The main issue is that libpq clients should not include pg_wchar.h or
otherwise assume they know the specific values of libpq's encoding IDs,
since they might encounter version skew between pg_wchar.h and the libpq.so
they are using. To fix, have libpq officially export functions needed for
encoding name<=>ID conversion and validity checking; it was doing this
anyway unofficially.
It's still the case that we can't renumber backend encoding IDs until the
next bump in libpq's major version number, since doing so will break the
8.2-era client programs. However the code is now prepared to avoid this
type of problem in future.
Note that initdb is no longer a libpq client: we just pull in the two
source files we need directly. The patch also fixes a few places that
were being sloppy about checking for an unrecognized encoding name.
Tom Lane [Sat, 13 Oct 2007 15:55:40 +0000 (15:55 +0000)]
Fix ALTER COLUMN TYPE to preserve the tablespace and reloptions of indexes
it affects. The original coding neglected tablespace entirely (causing
the indexes to move to the database's default tablespace) and for an index
belonging to a UNIQUE or PRIMARY KEY constraint, it would actually try to
assign the parent table's reloptions to the index :-(. Per bug #3672 and
subsequent investigation.
8.0 and 8.1 did not have reloptions, but the tablespace bug is present.
Tom Lane [Sat, 13 Oct 2007 00:58:03 +0000 (00:58 +0000)]
Teach planagg.c that partial indexes specifying WHERE foo IS NOT NULL can be
used to perform MIN(foo) or MAX(foo), since we want to discard null rows in
the indexscan anyway. (This would probably fall out for free if we were
injecting the IS NOT NULL clause somewhere earlier, but given the current
anatomy of the MIN/MAX optimization code we have to do it explicitly.
Fortunately, very little added code is needed.) Per a discussion with
Henk de Wit.
Tom Lane [Fri, 12 Oct 2007 19:39:59 +0000 (19:39 +0000)]
When telling the bgwriter that we need a checkpoint because too much xlog
has been consumed, recheck against the latest value of RedoRecPtr before
really sending the signal.
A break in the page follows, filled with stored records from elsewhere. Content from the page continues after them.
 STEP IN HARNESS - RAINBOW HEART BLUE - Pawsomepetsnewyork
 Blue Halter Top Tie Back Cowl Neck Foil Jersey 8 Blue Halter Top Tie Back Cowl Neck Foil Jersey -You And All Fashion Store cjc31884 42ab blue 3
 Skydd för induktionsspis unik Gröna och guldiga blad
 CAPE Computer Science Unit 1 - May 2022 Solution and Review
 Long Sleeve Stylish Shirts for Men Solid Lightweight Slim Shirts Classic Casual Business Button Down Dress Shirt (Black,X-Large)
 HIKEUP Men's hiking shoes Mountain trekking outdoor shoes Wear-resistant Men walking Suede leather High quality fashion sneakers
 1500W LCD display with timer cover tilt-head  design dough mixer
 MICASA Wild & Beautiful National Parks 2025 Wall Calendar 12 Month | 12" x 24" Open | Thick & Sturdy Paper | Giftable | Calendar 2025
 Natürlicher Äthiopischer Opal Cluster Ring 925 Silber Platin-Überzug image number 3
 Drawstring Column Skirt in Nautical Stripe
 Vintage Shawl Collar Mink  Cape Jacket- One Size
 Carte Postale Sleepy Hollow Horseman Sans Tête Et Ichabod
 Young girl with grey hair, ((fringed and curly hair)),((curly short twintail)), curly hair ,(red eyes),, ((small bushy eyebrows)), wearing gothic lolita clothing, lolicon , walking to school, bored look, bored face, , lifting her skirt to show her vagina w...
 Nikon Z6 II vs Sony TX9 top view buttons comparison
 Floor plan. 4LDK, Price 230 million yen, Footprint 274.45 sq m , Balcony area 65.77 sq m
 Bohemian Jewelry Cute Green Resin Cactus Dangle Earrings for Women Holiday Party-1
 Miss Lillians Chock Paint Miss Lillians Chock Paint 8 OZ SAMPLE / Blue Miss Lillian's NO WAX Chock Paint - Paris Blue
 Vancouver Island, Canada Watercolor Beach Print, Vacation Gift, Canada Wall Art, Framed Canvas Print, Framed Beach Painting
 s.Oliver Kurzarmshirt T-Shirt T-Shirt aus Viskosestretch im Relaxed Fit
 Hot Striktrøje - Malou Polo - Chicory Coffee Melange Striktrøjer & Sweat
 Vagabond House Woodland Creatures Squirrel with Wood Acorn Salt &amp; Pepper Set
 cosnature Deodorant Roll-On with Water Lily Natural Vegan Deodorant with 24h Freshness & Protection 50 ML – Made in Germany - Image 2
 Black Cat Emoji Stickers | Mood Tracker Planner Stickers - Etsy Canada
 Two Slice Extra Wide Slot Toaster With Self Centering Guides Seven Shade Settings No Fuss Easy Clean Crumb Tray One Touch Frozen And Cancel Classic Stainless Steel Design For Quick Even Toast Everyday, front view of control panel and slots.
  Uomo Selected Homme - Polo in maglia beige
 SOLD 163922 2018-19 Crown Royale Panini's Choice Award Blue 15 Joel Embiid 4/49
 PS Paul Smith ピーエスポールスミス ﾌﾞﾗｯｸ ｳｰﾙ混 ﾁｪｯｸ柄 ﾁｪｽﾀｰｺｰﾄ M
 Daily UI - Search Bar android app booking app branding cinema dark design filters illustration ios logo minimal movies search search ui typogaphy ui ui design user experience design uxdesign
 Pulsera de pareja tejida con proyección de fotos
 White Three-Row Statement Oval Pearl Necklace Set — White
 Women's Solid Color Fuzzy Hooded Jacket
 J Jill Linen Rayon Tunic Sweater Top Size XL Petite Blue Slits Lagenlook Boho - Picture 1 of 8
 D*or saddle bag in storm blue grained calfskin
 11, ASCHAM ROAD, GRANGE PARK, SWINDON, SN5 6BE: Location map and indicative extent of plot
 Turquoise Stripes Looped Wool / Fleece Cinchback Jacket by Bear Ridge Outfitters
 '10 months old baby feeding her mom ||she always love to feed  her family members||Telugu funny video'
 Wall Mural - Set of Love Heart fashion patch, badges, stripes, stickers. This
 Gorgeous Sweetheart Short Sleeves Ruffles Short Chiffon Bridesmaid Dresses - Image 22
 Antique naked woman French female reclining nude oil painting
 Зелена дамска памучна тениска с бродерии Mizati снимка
This avoids useless checkpoint activity if
XLogWrite is executed when we have a very stale local copy of RedoRecPtr.
The potential for useless checkpoint is very much worse in 8.3 because of
the walwriter process (which never does XLogInsert), so while this behavior
was intentional, it needs to be changed. Per report from Itagaki Takahiro.
Tom Lane [Fri, 12 Oct 2007 18:55:12 +0000 (18:55 +0000)]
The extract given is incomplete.